-- Task instructions --
Retype the listing exactly, minus its pictures.

-- Supplied information --
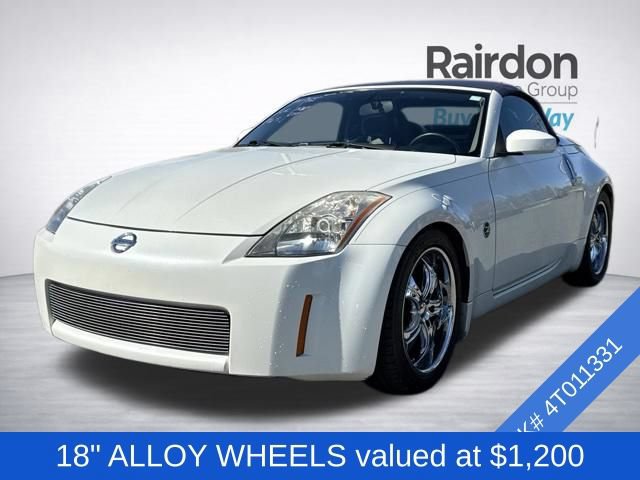 Used 2004 Nissan 350Z Touring RWD image 3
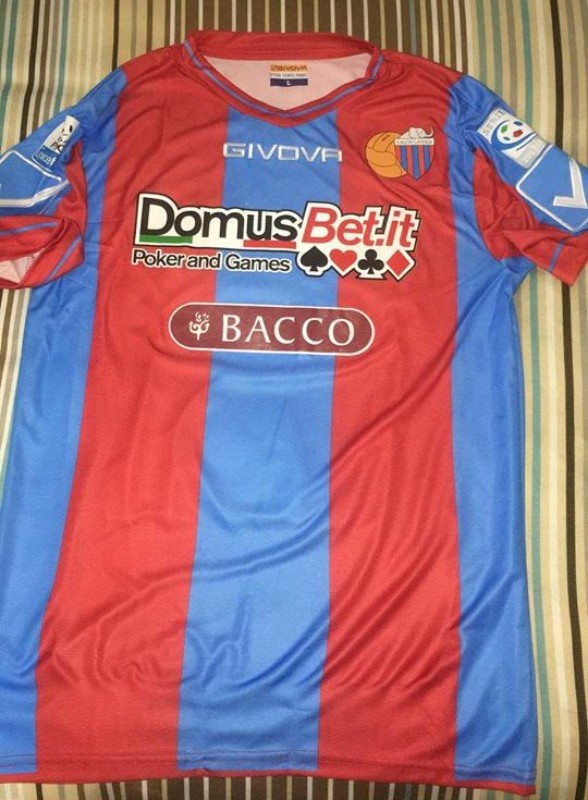 Catania 2017-18 Home Kit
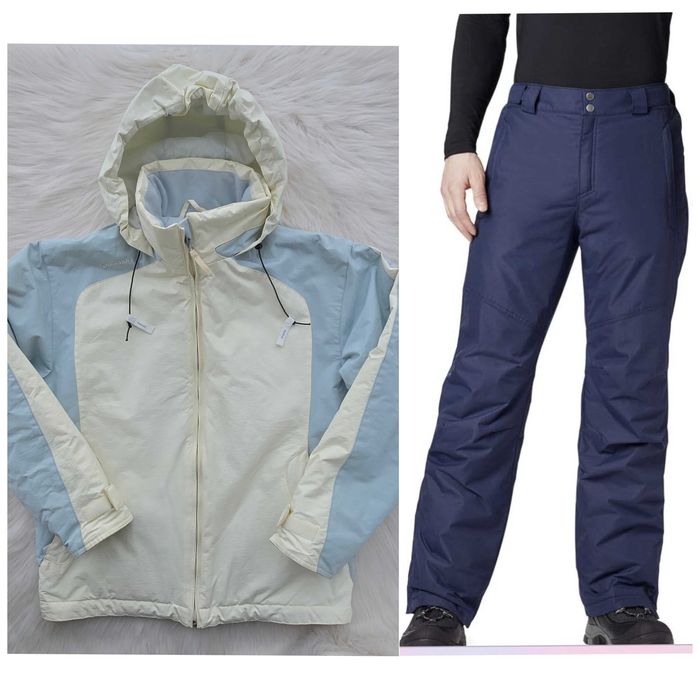 Мъжки ски екип Quechua и Basecamp размер Л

-- Answer to this exercise --
 Used 2004 Nissan 350Z Touring RWD image 3
 Catania 2017-18 Home Kit
 Мъжки ски екип Quechua и Basecamp размер Л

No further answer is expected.